Our thanks to the people reporting on comics this year, especially anyone who I linked to above or anywhere else in this mess, for covering the year’s events. That sometimes didn’t seem like such a fun gig, and a lot of it sure wasn’t fun to read, and nobody learned anything, but let’s do it again, soon, anyways. Because I heart you.

Finally, there were some stories in 2015 we simply did not have time to cover. We encourage you to find out more about 2015 in comics at your local library. But we close on a final quick roundup of those stories-- and we ask that when you read this, you imagine it being set to the music of Billy Joel’s "We Didn’t Start the Fire". (Or "Captain Jack". Or The Bosum Buddies theme song. Or the one where it’s like “heart attack ack ack ack” -- I don’t know what that’s called, but we’ll accept the “ack ack ack” song, sure. Really, any Billy Joel song will do, except "Uptown Girl" because even jokes have limits.)

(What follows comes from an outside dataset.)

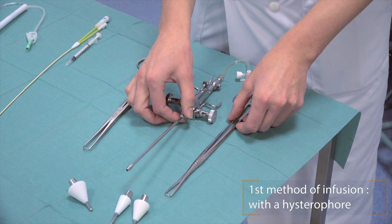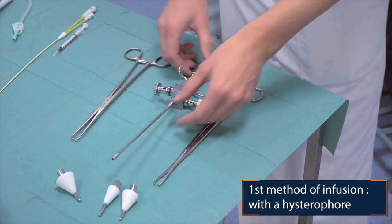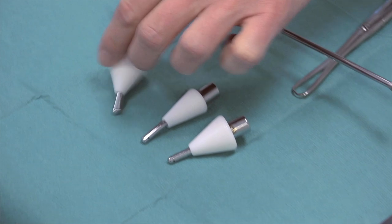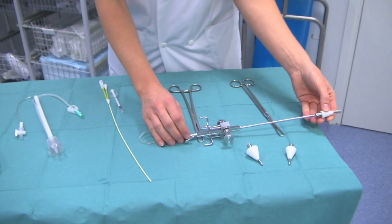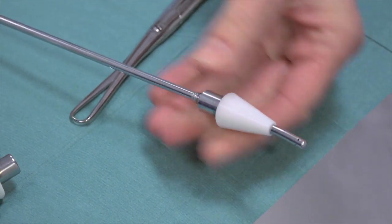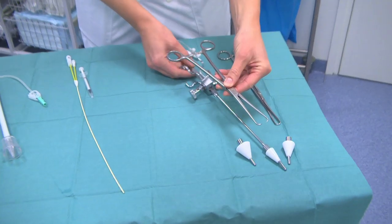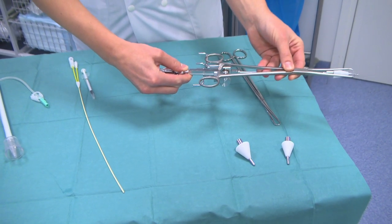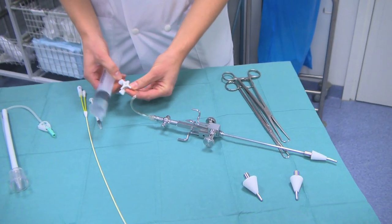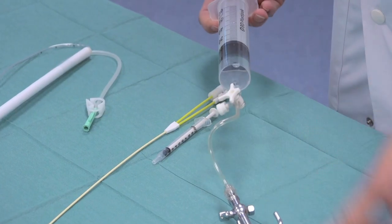The first method of infusing the contrast media is with the hystrophore. It's the oldest method of infusion of the contrast media. You can use three different tips at the hystrophore. You put it on the cervix, then you attach the hystrophore to stabilize it on the cervix. Then you can start with infusion of the contrast media into the uterus.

So, without further ado (and this is not an exhaustive list):

  • * Arthur Suydam took up too many flea market tables at a comic convention, which made Jim Zub so mad he almost very nearly risked mentioning Suydam’s name in a tweet; Suydam's antics became a major thing for comics creators, who care a lot about their flea market tables, with Mark Waid, for example, tweetingBusy contacting every show I'm doing the rest of this year to warn them that if Sudyam pulls this shit there, I'll make it LOUD and UGLY.”-- insert joke here;
  • * Ted Rall accused the Los Angeles Times of being instructed by the LAPD to fire him, and of using a 2001 jaywalking incident as a pretext. This was all extremely tragic, just knowing that people who care about police corruption in LA had their misery compounded in 2015 by having to look at Ted Rall cartoons;
  • * Brian Churilla wrote a Tumblr post about the low pay of those working in comics;
  • * Ales Kot has a Twitter account -- hijinx ensued repeatedly;
  • * LEONARD -- BERNSTEIN!
  • * Comic people got angry at Bleeding Cool for announcing upcoming Marvel comics before Marvel could announce them;
  • * Hannah Means Shannon, a Bleeding Cool editor-in-chief who gave a softball interview to Scott Allie, insisted that Dark Horse had handled Allie internally, and was “overheard disparaging Asselin’s post at NYCC,” was then hired by Dark Horse, tainting Bleeding Cool’s reputation for journalism even more than that time they announced upcoming Marvel comics or that time they published literally anything else;
  • * Some people tried to talk about whether or not Red Wolf’s costume was stereotypical-- Marvel responded in usual fashion;
  • * an awful situation which we can not possibly comment upon;
  • * Mark Waid and Kurt Busiek fought with Gamergate animes after a Gamergate person was asked to leave a convention, or something;
  • * Wikileaks had tidbits interesting to comics fans including Ike Perlmutter disclosing why he didn’t want to see movies about female superheroes and a pitch to turn Spider-Man into a EDM fan that nerds overreacted to;
  • * Colleen Doran was banned from Facebook for posting a 90-year-old photo which featured a female nipple; and
  • * Gilbert Hernandez’s Palomar upset moms.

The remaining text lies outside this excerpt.